> _WHAT THIS TASK INVOLVES_: Output only the stretch of the listing that starts at the line containing "Talkie walkie motorola t82 extreme" and ends at the line containing "Podpalaczka - Stephen King [KSIĄŻKA]", reproduced exactly with both ends.
DATA FOR THIS EXERCISE START
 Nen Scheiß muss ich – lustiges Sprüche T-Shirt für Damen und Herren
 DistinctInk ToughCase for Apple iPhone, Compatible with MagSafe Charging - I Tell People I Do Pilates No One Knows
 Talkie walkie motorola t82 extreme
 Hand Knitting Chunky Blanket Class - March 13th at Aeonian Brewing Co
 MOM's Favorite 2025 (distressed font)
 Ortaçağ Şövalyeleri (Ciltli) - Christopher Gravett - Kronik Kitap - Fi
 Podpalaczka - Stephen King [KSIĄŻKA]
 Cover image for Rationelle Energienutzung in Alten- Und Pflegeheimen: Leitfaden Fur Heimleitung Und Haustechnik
DATA FOR THIS EXERCISE END
DATA FOR THIS EXERCISE START
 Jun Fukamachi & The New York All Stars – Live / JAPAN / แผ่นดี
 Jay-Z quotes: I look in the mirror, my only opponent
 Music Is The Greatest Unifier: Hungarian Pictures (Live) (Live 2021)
DATA FOR THIS EXERCISE END
DATA FOR THIS EXERCISE START
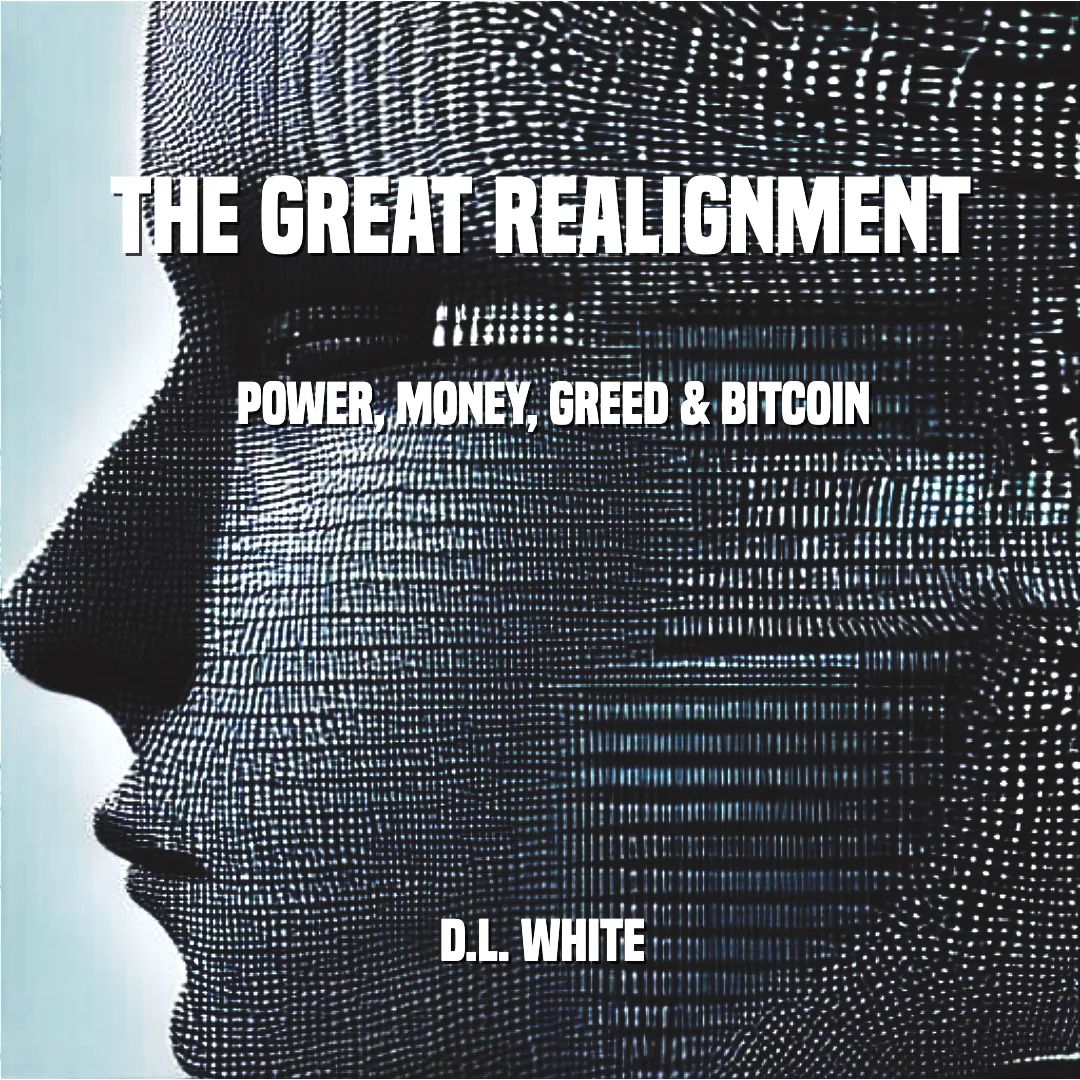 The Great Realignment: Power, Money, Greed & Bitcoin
DATA FOR THIS EXERCISE END
> _RESPONSE TO THIS EXERCISE_:
 Talkie walkie motorola t82 extreme
 Hand Knitting Chunky Blanket Class - March 13th at Aeonian Brewing Co
 MOM's Favorite 2025 (distressed font)
 Ortaçağ Şövalyeleri (Ciltli) - Christopher Gravett - Kronik Kitap - Fi
 Podpalaczka - Stephen King [KSIĄŻKA]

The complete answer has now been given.